■ **WHAT YOU SHOULD DO**
Only these lines of the data below are wanted: the one with "2014 Dodge Avenger", the one with "Set bộ nữ cổ tàu voan đồ lam đi chùa", and any lines between them, each repeated exactly.

■ **DATA PROVIDED**
☆ ☆ ☆ ☆ ☆ ☆ ☆

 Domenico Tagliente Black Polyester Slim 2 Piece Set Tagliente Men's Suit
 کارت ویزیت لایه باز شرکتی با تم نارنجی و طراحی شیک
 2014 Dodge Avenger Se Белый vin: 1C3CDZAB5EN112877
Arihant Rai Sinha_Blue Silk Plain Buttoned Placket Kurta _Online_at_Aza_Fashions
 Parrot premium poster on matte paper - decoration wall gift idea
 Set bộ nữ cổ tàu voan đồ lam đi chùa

☆ ☆ ☆ ☆ ☆ ☆ ☆

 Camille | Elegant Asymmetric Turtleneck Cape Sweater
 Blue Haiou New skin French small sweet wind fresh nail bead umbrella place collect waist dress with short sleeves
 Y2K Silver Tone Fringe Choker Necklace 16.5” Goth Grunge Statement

☆ ☆ ☆ ☆ ☆ ☆ ☆

■ **ANSWER BELOW**
 2014 Dodge Avenger Se Белый vin: 1C3CDZAB5EN112877
Arihant Rai Sinha_Blue Silk Plain Buttoned Placket Kurta _Online_at_Aza_Fashions
 Parrot premium poster on matte paper - decoration wall gift idea
 Set bộ nữ cổ tàu voan đồ lam đi chùa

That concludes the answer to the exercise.